La frase resume bien el argumento de la novela: el Primer Ministro de un país innombrado decide purgar a la pintura de las tergiversaciones y extravíos que la caracterizan desde Picasso a esta parte. Para ello, convoca a 403 artistas a una conferencia mundial sobre pintura que va a desarrollarse en una isla perdida en el Pacífico. El propósito supuesto de la conferencia es "sistematizar el culto mundial de la belleza", pero al cabo de siete días de discusiones, a su juicio infructuosas, el mandatario opta por aplicar una suerte de limpieza estética, de solución final.
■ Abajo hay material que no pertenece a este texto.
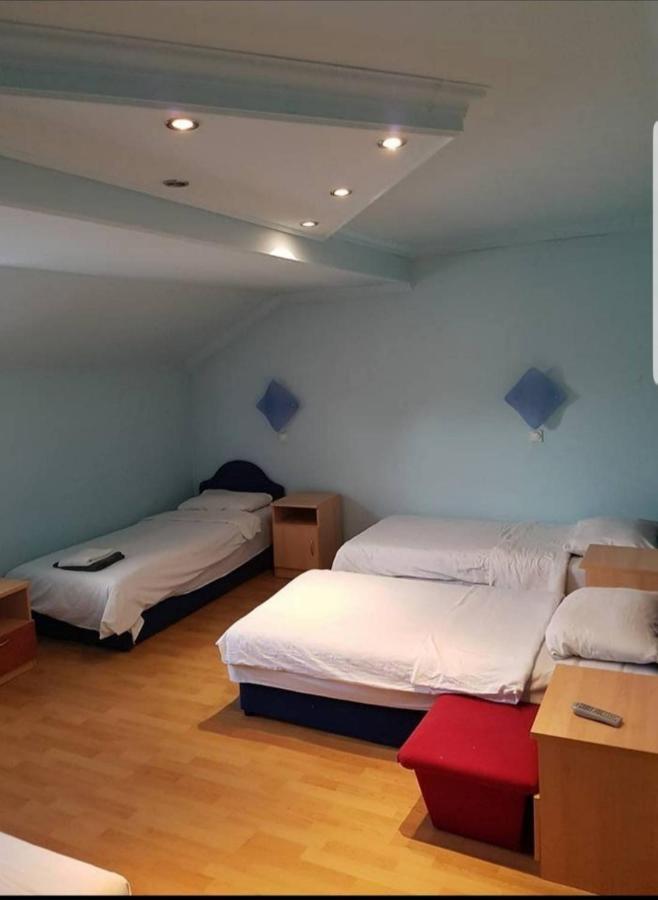 Viktorija Nova Hotel Kanjiza Luaran gambar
La comparación con Hitler es explícita en la novela. En otro sentido, el "dictador estético" de La purga va un poco más lejos que Platón, cuando propuso, en La República, exiliar a los cultores de las artes miméticas... No sólo un poco más lejos, sino en sentido exactamente contrario: su objetivo parece ser rescatar a las artes miméticas o, por lo menos, borrar de la faz de la tierra el arte no figurativo. Como un dios al revés, el magnate de Filloy destruye el mundo de las vanguardias en siete días.
¿Ficción científica?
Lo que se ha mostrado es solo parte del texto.